The second part, known as the consequence gradient hypothesis, concerns which overall presidential evaluations are altered and to what extent. The argument here is that the relevance of a given attitude will, in part, determine the extent to which the accessible attitudes make a difference to the judgment being made. Scandal information might not be seen as relevant to economic or international relations performance (Miller & Krosnick, 1996, p. 82).
These hypotheses are best explained by noting that political attitudes are structured in memory as part of an associative network (e.g., Collins & Loftus, 1975; Higgins, 1996). This network is made up of nodes (i.e., political attitudes) and strong links to other sets of related attitudes. Nodes that are less logically related or not related at all will have weaker links or perhaps no links at all. When circumstances are such that a particular node is activated, related nodes are also pulled into short-term memory. This spreading activation is what gives priming its power to connect various thought elements. The extent to which concepts are activated in this type of network depends on many things that are beyond the scope of this chapter.
In the case of candidates, it has become customary to conceptualize evaluations in terms of competence, leadership, integrity, and empathy (Kinder, 1986). Because individuals do not have the motivation or ability to simultaneously think about all considerations, we are likely to see patterns in which those closer to the topic at hand are considered more, whereas others that are more remote are relied on less. Media, as noted earlier, are also limited in terms of the comprehensiveness of their reports and in any case tend to stress certain aspects of stories that are thought to be especially newsworthy. For example, a personal scandal can be expected to have greater effects on integrity than on competence or leadership. Similarly, information made accessible by news coverage that is highly relevant for one of these dimensions may be irrelevant for another. For example, information from the news that activates integrity might not also activate competence.
The dosage hypothesis refers to the amount of media coverage on an issue that enters a person’s consciousness (Miller & Krosnick, 1996, p. 83). In general, the expectation is that the greater one’s use of media content and the more attention that is paid to it, the more one should be influenced by it.
Miller and Krosnick (1996) also discussed the resistance hypothesis, by which they meant that “holding dosage constant, the more knowledge of politics one has, the more resistant one should be” to priming effects. This suggests that more knowledgeable individuals have greater cognitive experiences, which helps them to resist fluctuations in the accessibility of information.
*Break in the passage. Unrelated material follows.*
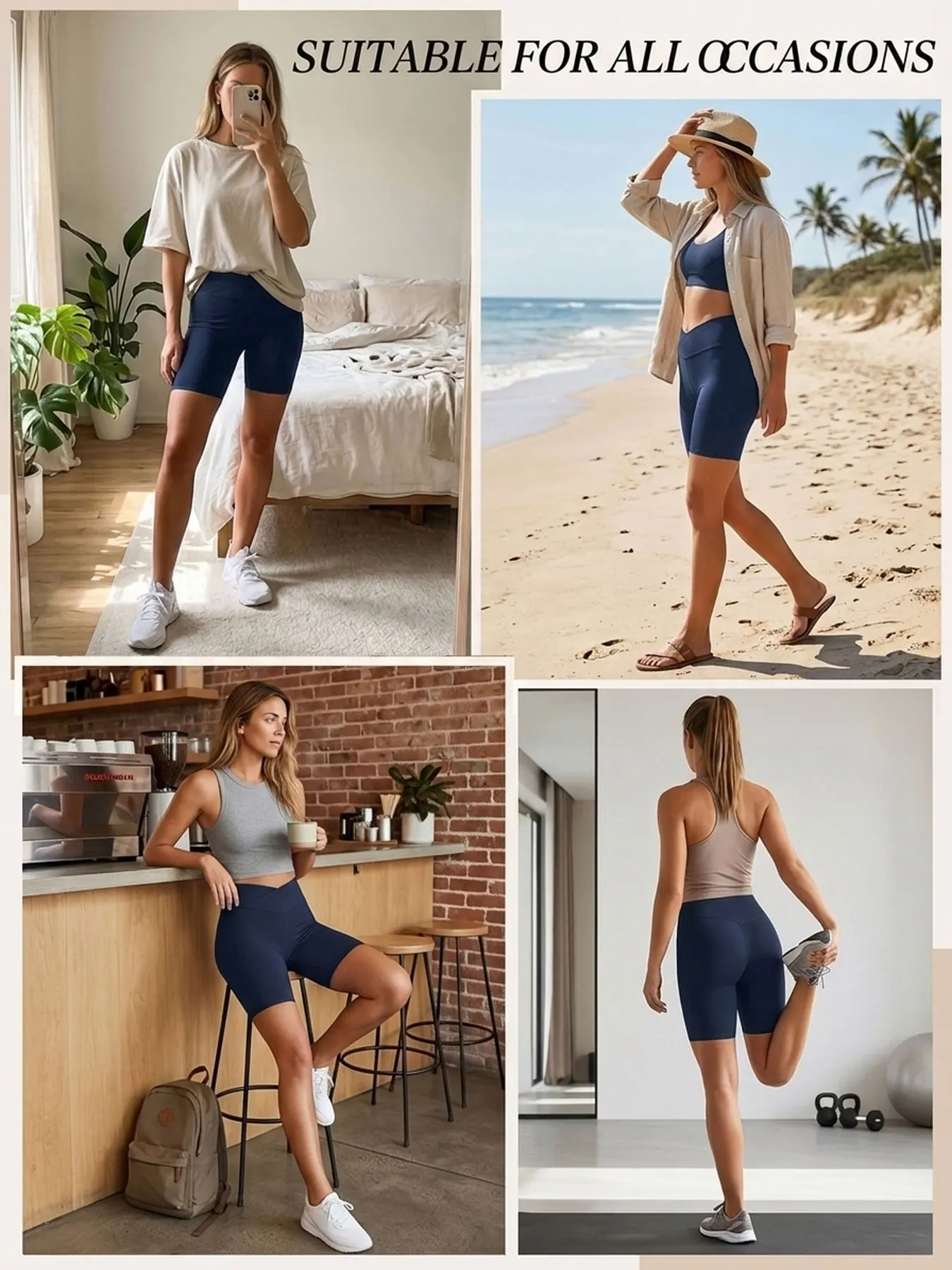 Damen Superweiche Crossover High-Waist Biker-Shorts mit Bauchkontrolle, Blickdicht, für Workout, Yoga und Laufen – Detail 5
On the other hand, those with little knowledge are more likely to be responsive to media primes.
Empirical Tests of the Priming Hypothesis
The basic priming hypothesis has been tested using survey and experimental methods. The results are generally confirming for studies of both types. A typical experiment might manipulate aspects of stories relating to a single theme in the context of a newscast or series of newscasts viewed over time. For example, Iyengar and Kinder (1987) developed early studies in which experimental participants viewed newscasts that emphasized inadequacies in defense preparedness or not. They were testing participants to see whether the treatment would influence the standards that viewers applied to evaluating the president’s overall performance. A day after the final newscast was shown to participants, they were asked to rate the president’s performance on matters such as defense and overall performance. The expectation is that people who saw stories about defense inadequacies should give more weight to the president’s performance on that problem when evaluating his overall performance. In the experiment, for people who saw multiple stories about defense (i.e., those who were primed on that theme), the impact of ratings on the president’s performance on defense was more than twice as great as that for people who were not so primed.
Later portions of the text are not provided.